WEF on Africa to focus on inclusiveness in the 4IR

18th July 2019 By: Tasneem Bulbulia - Senior Contributing Editor Online

The twenty-eighth World Economic Forum (WEF) on Africa, which will be held in Cape Town, in September, will aim to address a number of key issues impacting inclusive development in the region.

These issues include supporting growth and integration through the African Continental Free Trade Area; creating high-quality employment opportunities and protecting workers in the Fourth Industrial Revolution (4IR); employing drones to address health, infrastructure and other societal needs; using emerging technologies to advance healthcare and prepare for epidemics; and implementing growth strategies that address environmental challenges and deliver industrialisation.

“Africa’s successful development depends on building the right conditions for its new generation of entrepreneurs, innovators and leaders.

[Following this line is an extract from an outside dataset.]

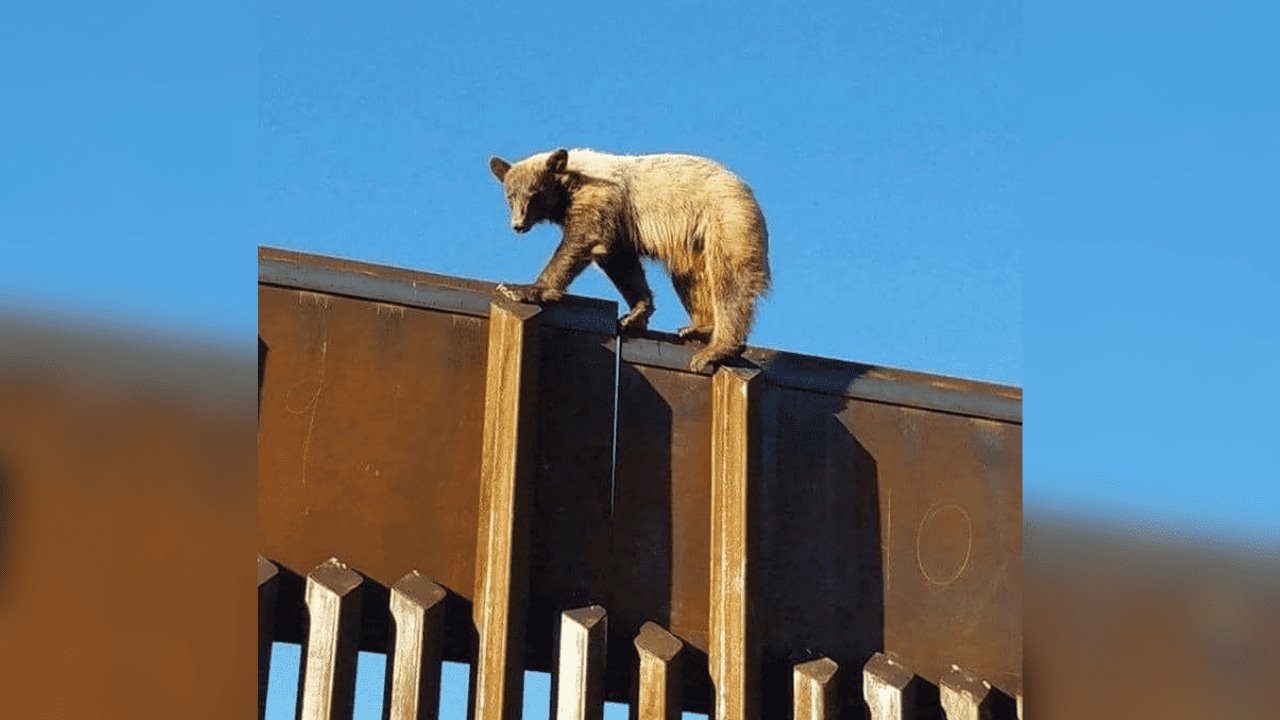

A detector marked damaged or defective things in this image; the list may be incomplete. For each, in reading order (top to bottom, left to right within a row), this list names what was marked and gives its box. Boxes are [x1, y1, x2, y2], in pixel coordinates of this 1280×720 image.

rusty metal fence [257, 248, 1018, 717]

“This means smart, agile institutions; an enabling environment for innovation that includes access to skills and capital; and a determined approach by policy-makers to level the playing field and implement policies that prioritise sustainable, inclusive growth over short-term imperatives,” WEF executive committee member Elsie Kanza commented in a statement issued on Thursday.

The theme of this year’s meeting is ‘Shaping Inclusive Growth and Shared Futures in the 4IR’.

The meeting will be the first to be held in sub-Saharan Africa since 2017 and it falls in a year when 20 elections will take place across the region and nearly 100 days since South African President Cyril Ramaphosa took office.

Citing the World Bank, the WEF indicated that progress had been made politically in sub-Saharan Africa, and economic growth was also expected to accelerate modestly this year, from 3.1% in 2018, to an average of 3.6%.